The creature was quick. Burroughs, 71, never saw it alive, even though it hunted during the day. Lagow tried to catch it in traps, but the animal was too smart, he said.
Lagow saw it catch one of the last of his chickens, but it scampered away before he could get close. He said it had rusty-colored hair and it looked unlike anything he had ever seen.
Finally, on Aug. 9 a neighbor's dog cornered the creature in a chicken coop and the man shot it. Lagow snapped pictures of the animal's body.
The creature looked like a small dog with white hair like a shorn lamb. Lagow who picked it up, said it weighed 12 to 13 pounds. The animal was put in the trash.

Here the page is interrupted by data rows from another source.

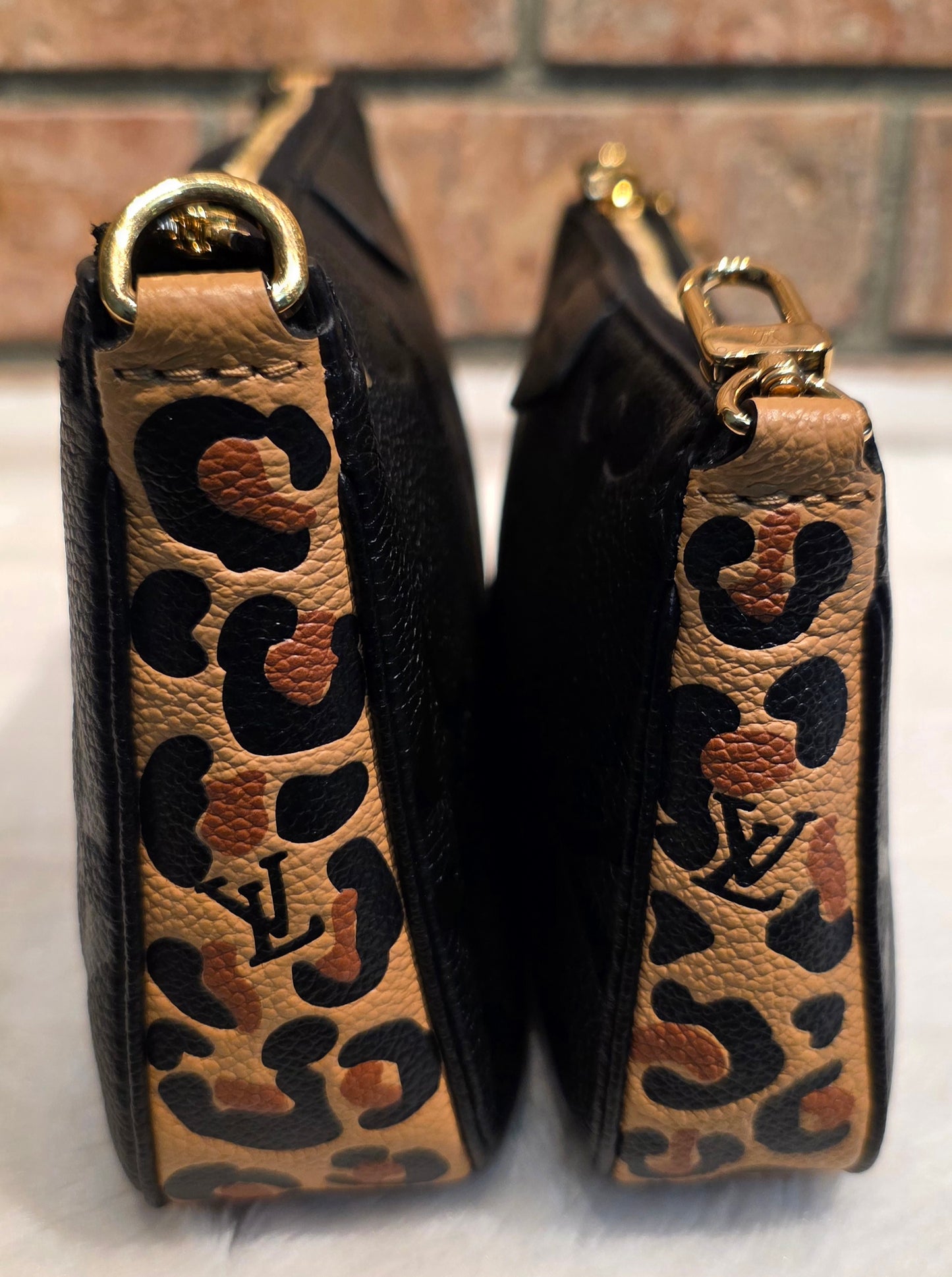 Authentic Louis Vuitton Multipochette Accessoires Wild At Heart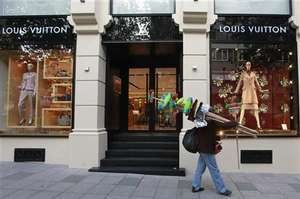 Cegah Orang Kaya RI Belanja di Singapura, Louis Vuitton Cs Bebas Pajak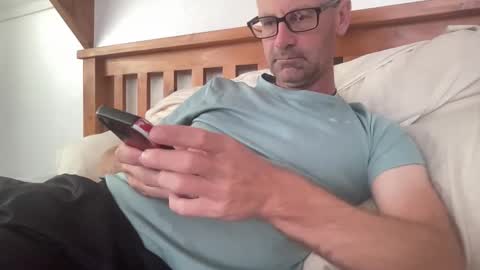 Kiwi online show from March 2026 08:46:02 PM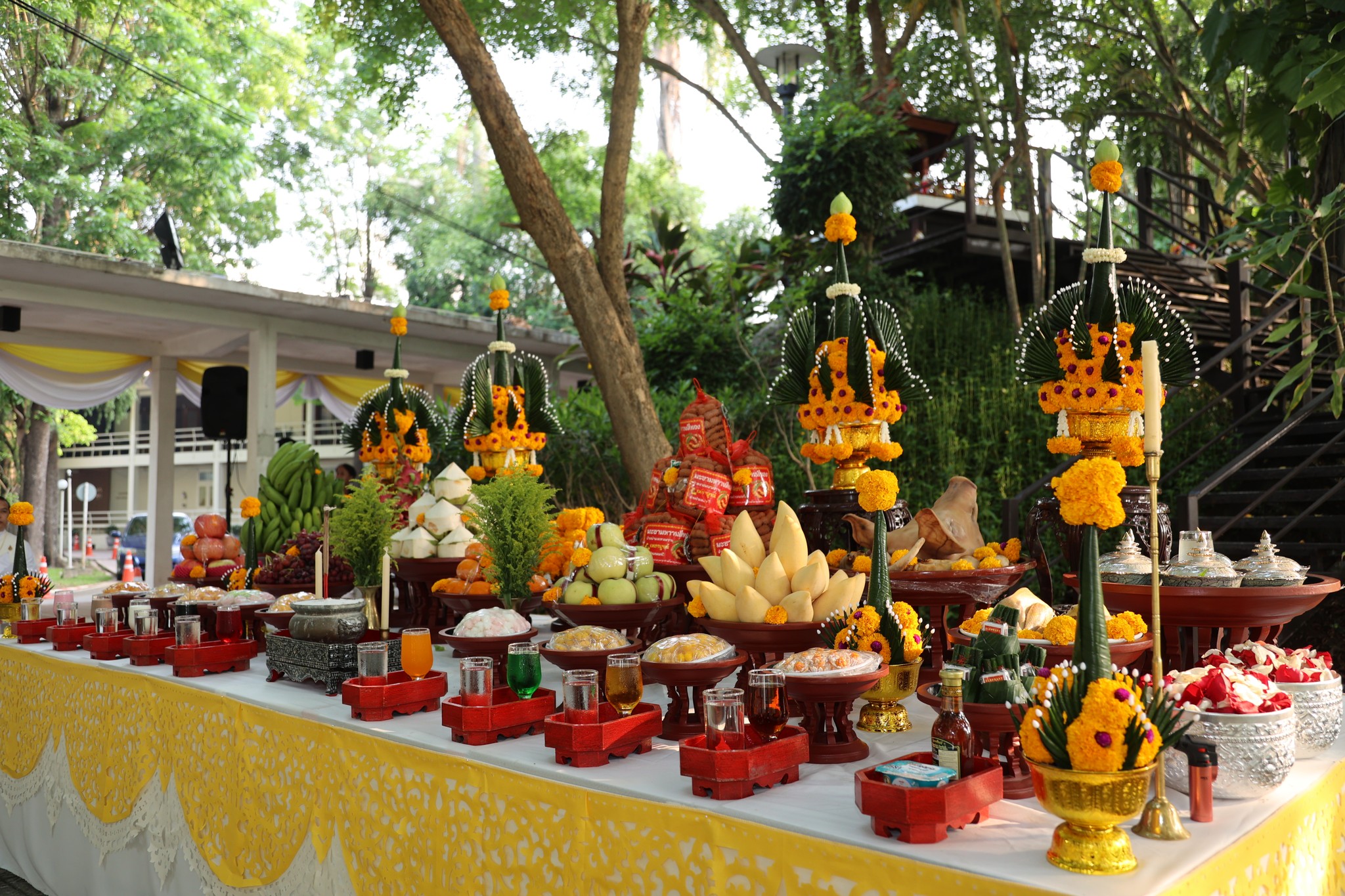 พิธีบวงสรวงสิ่งศักดิ์สิทธิ์ในงานประเพณีสงกรานต์ล้านนา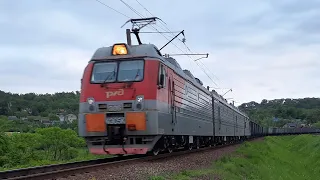 Электровоз 4ЭС5К-006 "Ермак" с грузовым поездом.
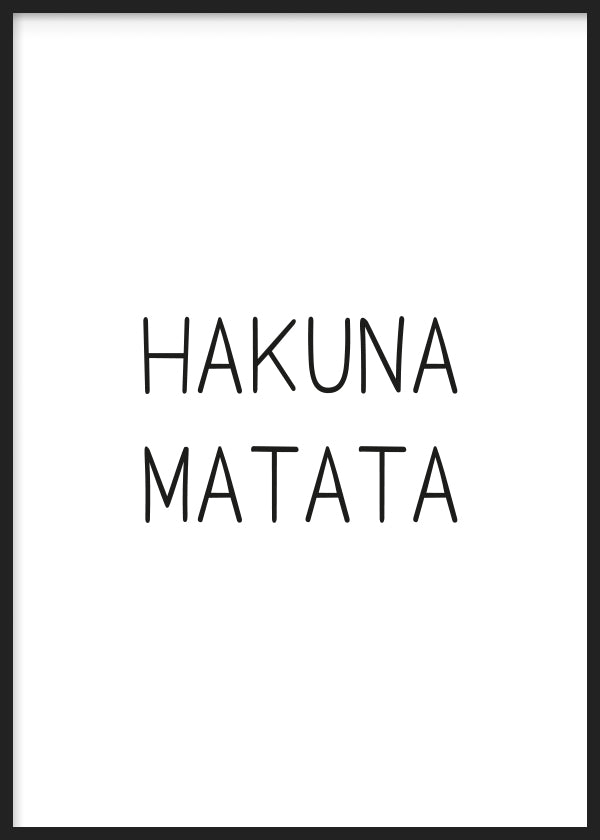 Cuadro con frase Hakuna Matata en tipografía negra fina sobre fondo blanco, diseño limpio, contraste suave y estilo con frases. Disponible en kudeko.com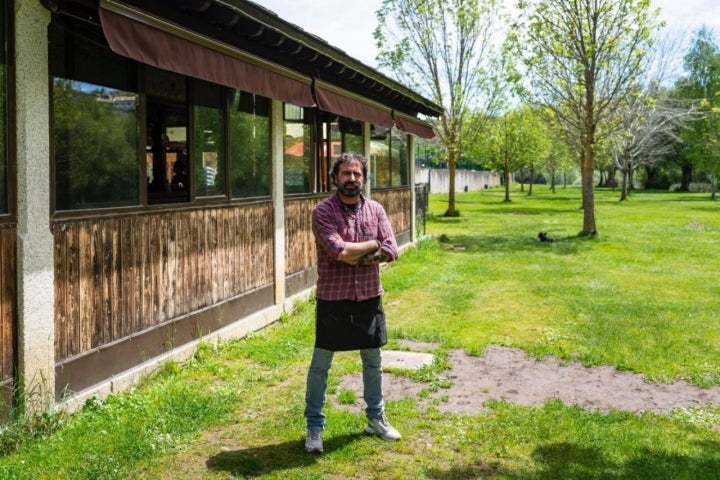 El chiringuito del río (Sanabria): Javi, el propietario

But Lagow kept a picture of it in his pocket.
''I had no idea it was going to be something that would stir up the water like it did,'' he said.
He began showing the picture around, asking what people thought about it. The veterinarian down the road, Dr. Johnny Needham, told him he had seen this creature before.

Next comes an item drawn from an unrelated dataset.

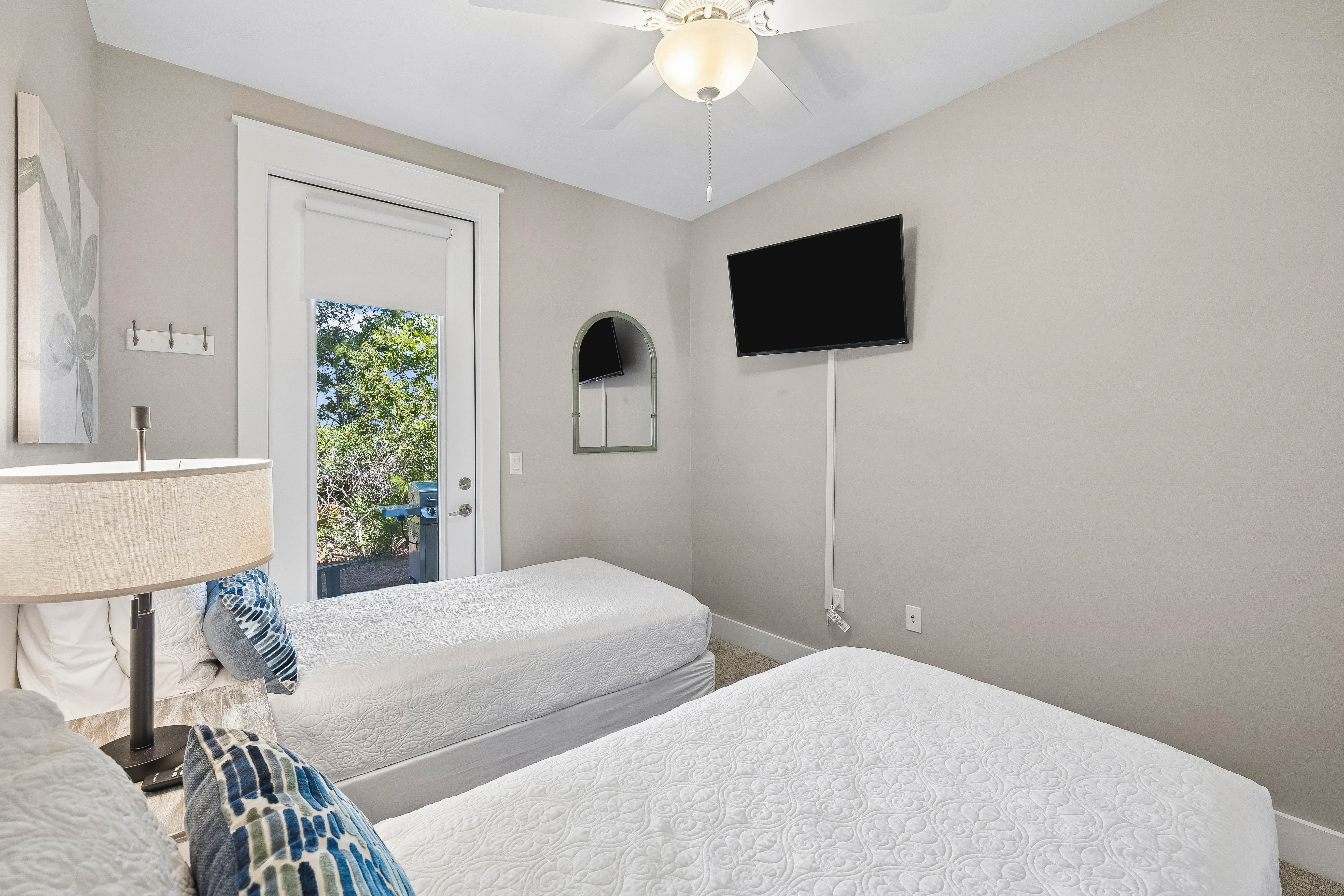  Furnished Seagrove Retreat with Garage Steps from the Pool & Near the Beach - 物件實景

Needham said it reminded him of similar animals found in San Antonio and Conroe. Some people thought the dog-like, hairless animals were chupacabras, a mythical Mexican animal.

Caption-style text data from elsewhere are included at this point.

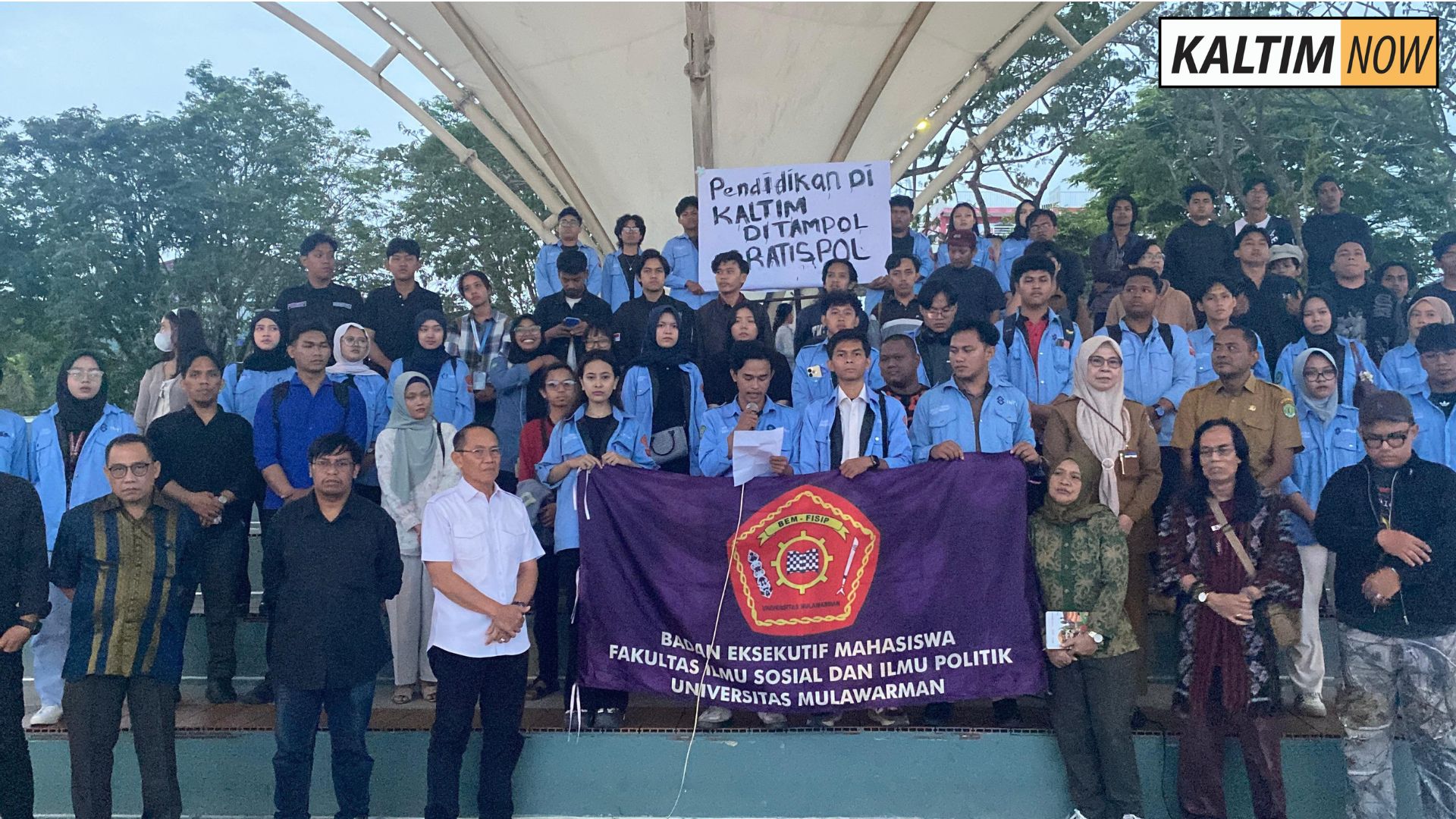 Foto : Diskusi Program Beasiswa Gratispol di Teras Samarinda. Sumber : Istimewa.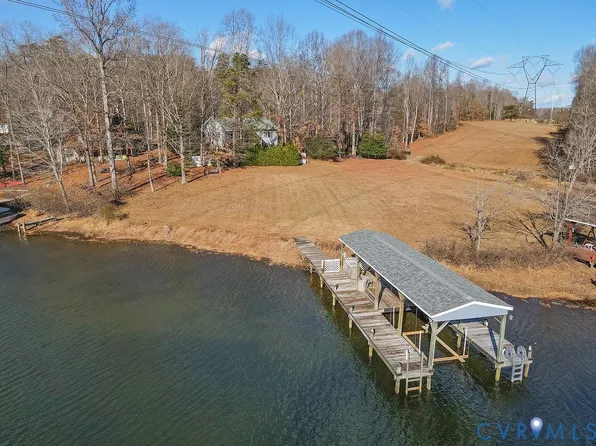 776 Tall Pines Dr, Mineral, VA 23117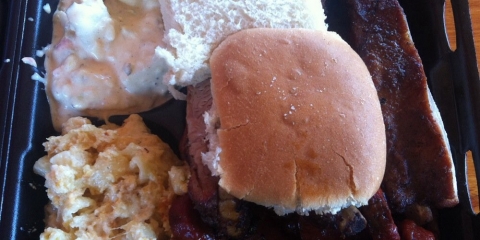 John Mull's Road Kill Grill Off Strip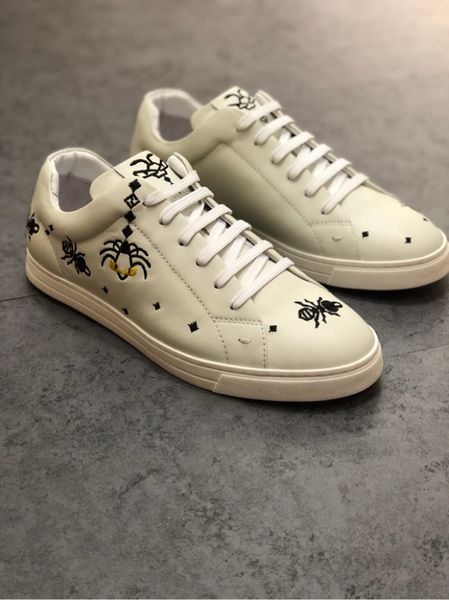 

2020 latest gancini leather sneakers men's casual shoes fashion trend comfortable shoe size 38-45 type 39745400555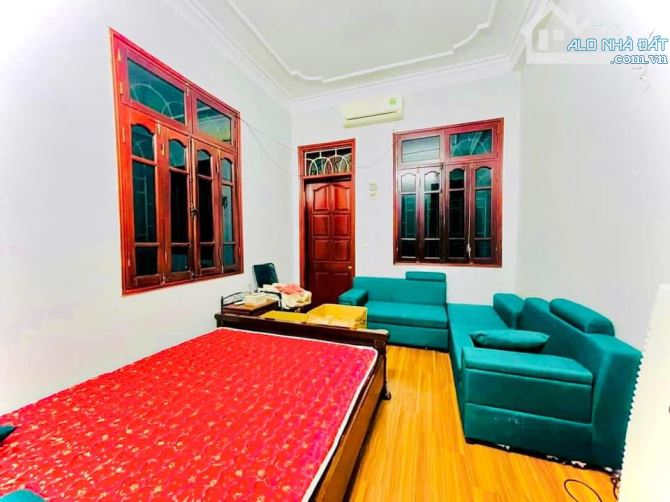 giải phóng quận hoàng mai, ngõ ô tô kd, nhà 2 mặt tiền trước sau 148m mặt 8,2m chỉ 21,5 Tỉ - 1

Descriptions of the creature vary, from a lizard-like animal to one with quills running down its back. It is said to hop like a kangaroo.
The animal killed in Coleman did have long back legs and a lengthy, thin tail.
However, the animal from San Antonio was later found to be a coyote with mange. And animal experts are saying that's probably what the Coleman animal is, too.
West Texas has coyotes, which eat small animals. Sometimes coyotes and dogs get mites that cause skin irritation. Chunks of fur will fall out and the animal will scratch, causing scabs.
But the Coleman creature had no hair and did not appear to have scabs, giving rise to Needham's theory that the animal had a kind of condition called ''demodectic'' mange. The mite that causes this is spread from mothers to puppies.
The mites burrow into the hair follicles, preventing hair from growing. Severe itching does not occur. Some animals are genetically predisposed to this condition, Needham said.
''If it's not that, I have no clue what it is,'' the veterinarian said.
Lagow isn't convinced the creature was simply a coyote with mange. It didn't look like any coyote he'd ever seen.
Burroughs said she's still not sure what it was.
The local newspaper, The Coleman Chronicle & Democrat-Voice, has been inundated with phone calls from curious residents wanting to know what the creature is. The newspaper's official stance: a coyote with mange.
''Bigfoot has not landed in Coleman County,'' joked co-publisher Stan Brudney.
Two area residents claim they, too, have seen a similar creature.
One rancher told the Coleman newspaper he killed one last year. Another resident said he spotted a similar animal recently in northern Coleman County.
Maybe there are more Coleman creatures out there.
The local newspaper is handling its coverage carefully because of the monkey incident. At that time, the Chronicle & Democrat-Voice ran a front-page picture of the hunter holding up the monkey's severed head. The gruesome image didn't sit well with some residents.
''It's been interesting,'' Brudney said of the latest animal caper. ''We're taking our time with this one.''
What is a chupacabra?
A mythical creature associated with Mexico whose name means ''goat sucker'' in Spanish. It supposedly kills livestock and drains their blood. Pronounced ''chew-paw-cob-ruh.''
Contact staff writer Sidney Levesque at
levesques@reporternews.com or 676-6721.
art bell ping
Art Bell is gone. I never hear him anymore, and the new guy SUCKS.
LOL
Seems like all the attention is on those "El Chupacabras" in Crawford
Every couple of years or so, another appears.
That appears to be a slightly-deformed mule deer calf, probably miscarried, and decomposed.
Nasty, but nothing mysterious.
Seems to lack the teeth to eat goats, anyway. I've been seeing these type of pictures (and descriptions) for over 50 years. (I even saw a white buffalo last year, but no Indian Ghost Religion revival.)
I don't think there's anything wrong with the picture, the dog is just a mess. I saw his owner on the news and Sam has been neutered so he won't be passing along any of his dubious genetic traits.
I can confirm that the rumors of my demise have been greatly exaggerated.